Would he do a quick interview? He would! I was proud of the scoop back-of-my-head photo that appeared in almost every Sayers news story in subsequent months. I wish I had put more product in my hair.
On good terms
“Is Tim Wilson a moderate?” a colleague asked the other day.
“Not after he read my 2000-word profile on him,” came my reply.
The “Lunch With” interview, during which we were ambushed by an irate non-Liberal voter, came shortly after Wilson’s unique federal election achievement as a Liberal candidate who won a federal seat off a teal independent, Zoe Daniel.
The piece, written in between filing CBD columns, was one of my best read and generated 11 texts in 4½ hours – and that was just from Wilson himself.
The profile was certainly profile building, and now Wilson is shadow treasurer. Tim and I get along fine.
Daniel had been a beloved ABC correspondent before entering politics, but not by everyone, as I found out a few years earlier at a journalism awards ceremony.
“Let me tell you about Zoe Daniel,” a possibly inebriated senior ABC correspondent said in forthright terms.
They didn’t get the chance. A hand appeared seemingly out of nowhere, clamped itself over the open mouth and dragged its owner away through the crowd.
I remained none the wiser.
Later that night more feedback came in the form of a bear hug/headlock combo administered by reporter Seb Costello, then working for Nine, whose adventures as a foreign correspondent had been chronicled by me in my previous incarnation as a media diarist.
“You haven’t been very nice to me,” said Costello, son of the then Nine chair, former Liberal politician Peter Costello.
Objectively, this was true. “Don’t worry,” he said, releasing me. “I’m pretty hard to sack.” Seb and I get along fine.
Thanks for the tips
Thank yous: the readers, the editors, the lawyers, our late and much-missed cartoonist John Shakespeare, fellow CBD columnists – old and new – Samantha Hutchinson, Kishor Napier-Raman, John Buckley – and anyone else who ever helped out and gave us a tip.
Thank goodness for Jewel Topsfield, long-time queen of the Age newsroom who has since moved overseas. Mutual friends urged me to befriend her. I invited her out for a coffee. She was a bit reticent. Age shyness, I thought to myself.
Jewel and I got along famously.
It was only two years later at my 50th birthday in front of all my friends that she gave a speech about one of my old media columns, headlined “Jewel tarnished”, which slagged her off for writing some “silly woke tweets”.
I had completely forgotten about it. She had not, and chose the best time to reveal it, for maximum effect.
“It taught me not to take things personally,” she told me afterwards.
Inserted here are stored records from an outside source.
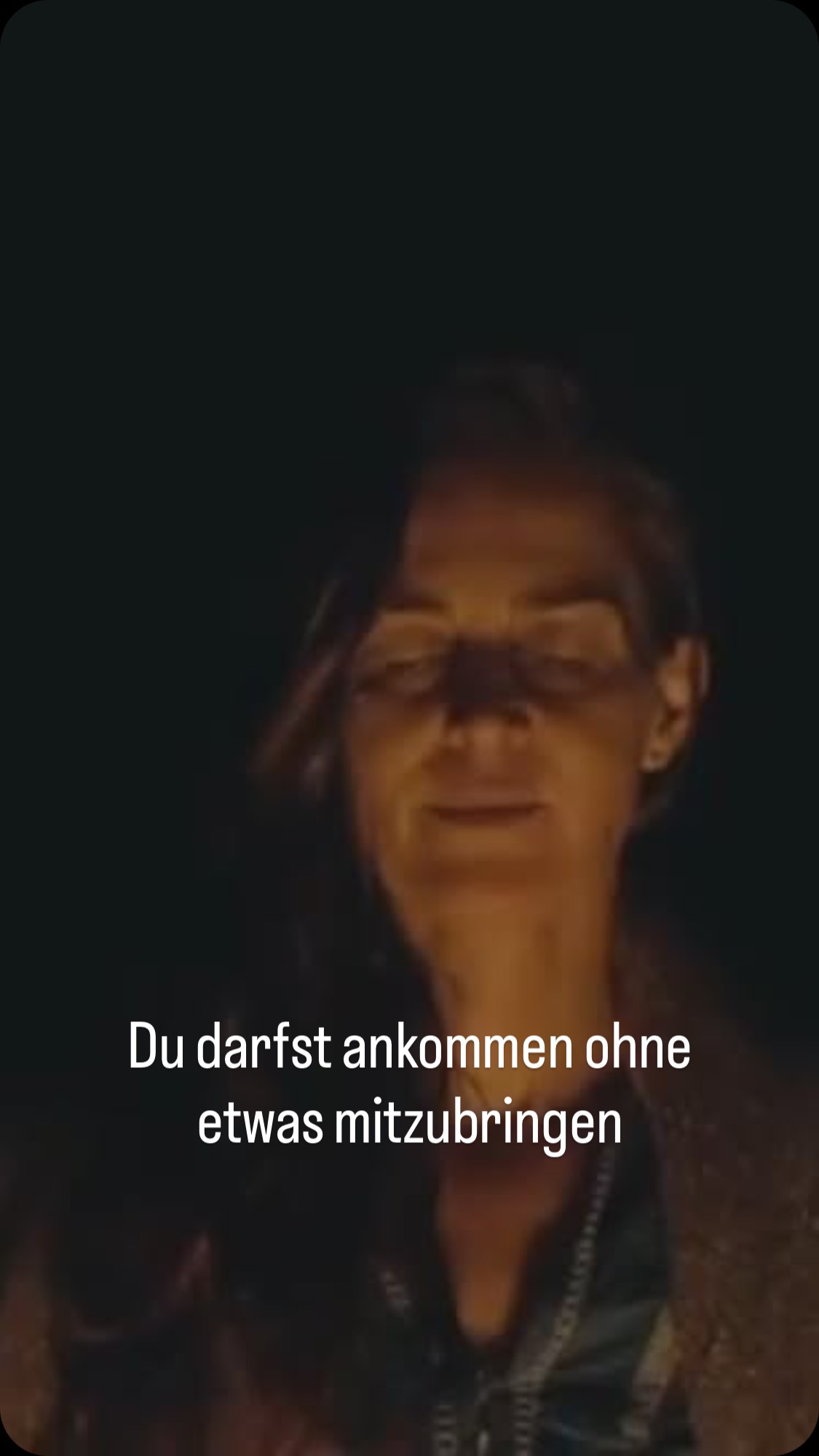 Du darfst kommen - ohne etwas mitzubringen
Du darfst zu diesem Yoga-Retreat kommen, ohne etwas mitbringen zu müssen - außer dich selbst.
Du musst nicht besonders beweglich sein, nicht erfahren in Meditation, nicht innerlich sortiert oder vollkommen im Gleichgewicht. Du musst keine spirituelle Sprache sprechen, keine Antworten haben, keine strahlende Gelassenheit ausstrahlen. All das ist keine Voraussetzung. Dieses Retreat ist kein Ort, an dem du etwas beweisen sollst. Es ist ein Raum, in dem du ablegen darfst.
Vielleicht reist du mit einem vollen Kopf an, mit einem Herzen, das müde ist, oder mit einer Sehnsucht, die du selbst noch nicht ganz greifen kannst. Vielleicht trägst du Stress auf deinen Schultern, Unruhe in deinem Bauch oder Fragen in dir, aud die du schon lange keine klare Antwort gefunden hast. Du darfst all das mitbringen - und gleichzeitig nichts davon vorbereiten oder erklären müssen.
Hier geht es nicht darum, eine bessere Version deiner selbst zu erschaffen. Es geht darum, dir zu erlauben, wieder bei dir anzukommen. In jeder Yogaeinheit, in jeder Atemübung, in jeder stellen Minute entsteht Raum, in dem du nichts leisten musst.
Du darfst kommen ohne Erwartungen an dich selbst. Ohne Druck, "es richtig zu machen". Ohne das Gefühl, mithalten zu müssen. Yoga bedeutet Verbindung - und diese Verbindung beginnt nicht in Perfektion, sondern mit Ehrlichkeit.
Vielleicht ist das größte Geschenk dieses Retreats nicht eine neue Technik oder eine besondere Erkenntnis, sondern die Erfahrung, dass du nichts hinzufügen musst, um wertvoll zu sein.
Du darfst kommen - ohne etwas mitzubringen. Und vielleicht wirst du mit dem Gefühl gehen, wieder ein Stück mehr bei dir selbst angekommen zu sein. 💜
#yogaretreattenerife #selfcare #mentalhealth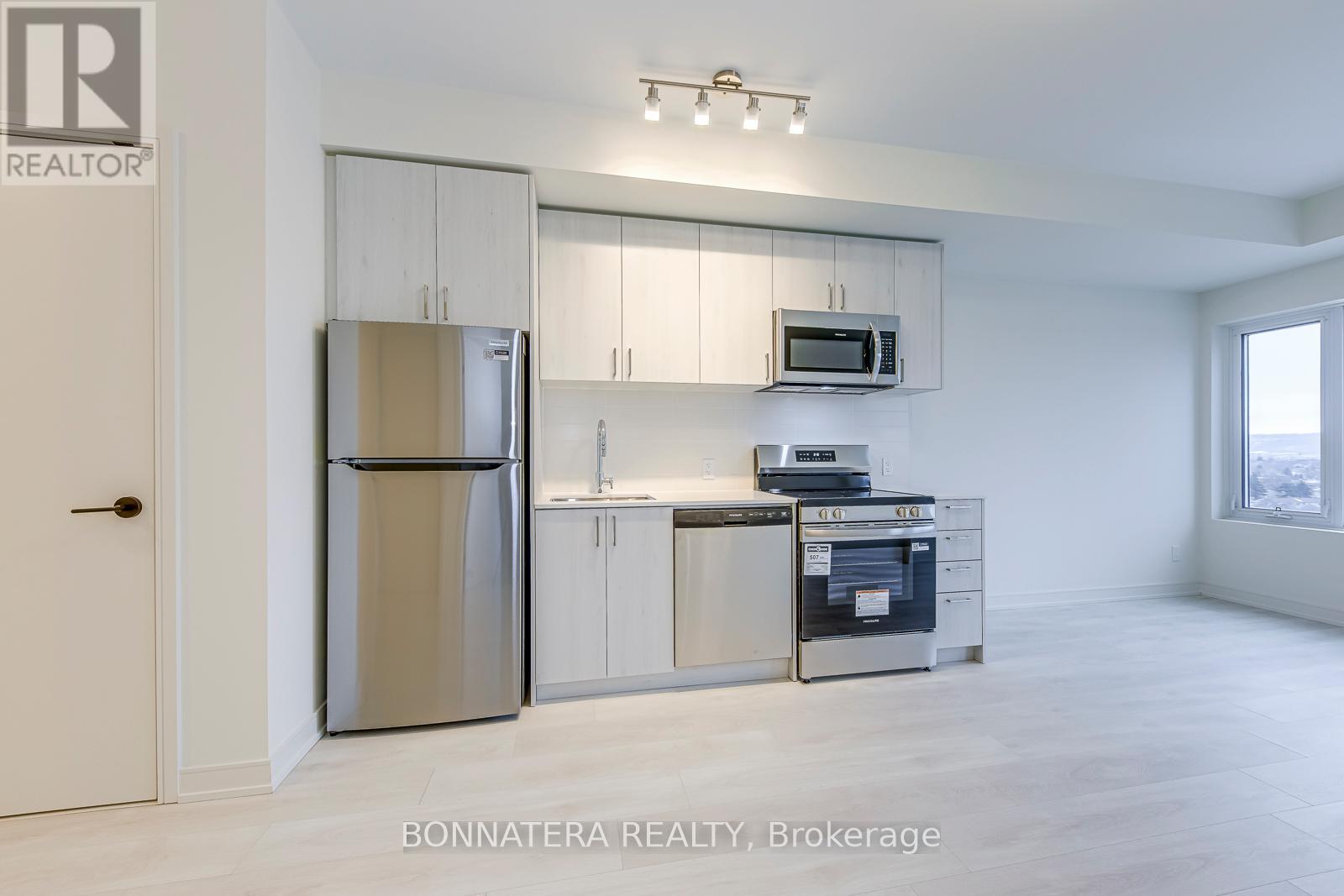 910b - 8020 Derry Road, Milton, Ontario  L9T 2N2 - Photo 12 - W12645222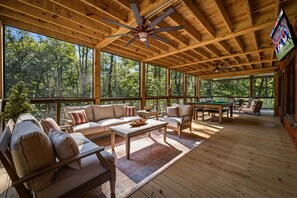 Unclassified image, 2 of 87, button - Jazzy's Cozy Creekside - Hot Tub | Game Room | Screened Decks (Blue Ridge)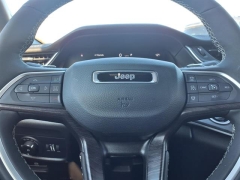 Used 2025  Jeep Grand Cherokee L Limited 4x4 at Maxx Loans near St&period; Adrian&comma; MI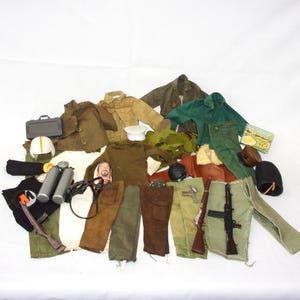 Vintage Action Man GI Joe + Other 1-6 scale Spare or Repair Collectible Action Figure Clothes and equipment Set 3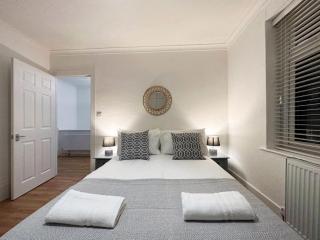 Charming 3-bedroom family home - London - 3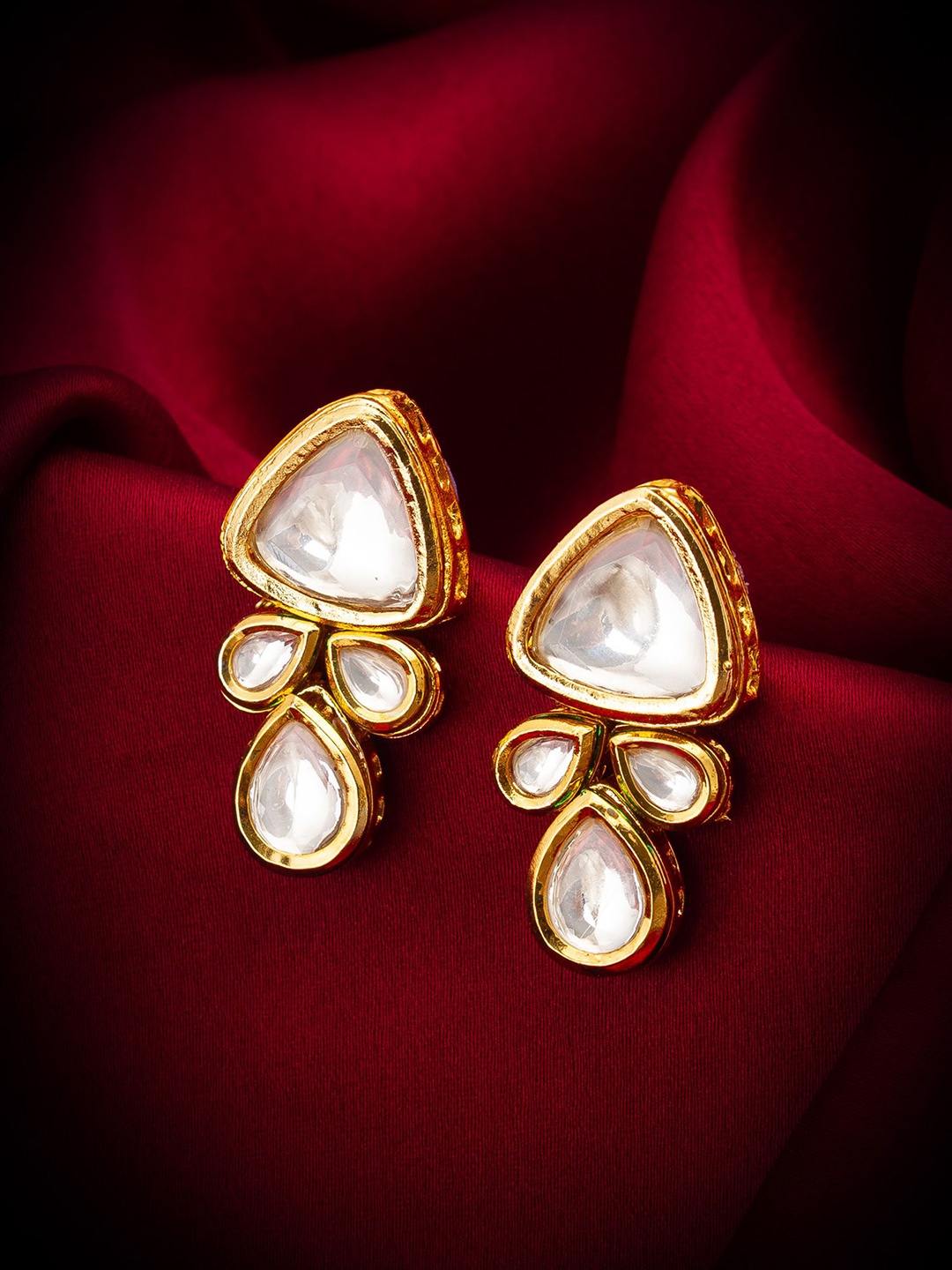 

aadita Gold-Plated Kundan-Studded Contemporary Drop Earrings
Jewel and I are on very good terms.
So that’s it from me. CBD will continue – new columnist Fiona Byrne joins John Buckley next week. I am off to reinvent myself in another part of the newsroom, far from the eyeline of the newsdesk as The Age’s special correspondent.
After spending years distilling the activities of bold-faced names into items of 300 words, in my new gig, I’m not getting out of bed for fewer than 2000 words.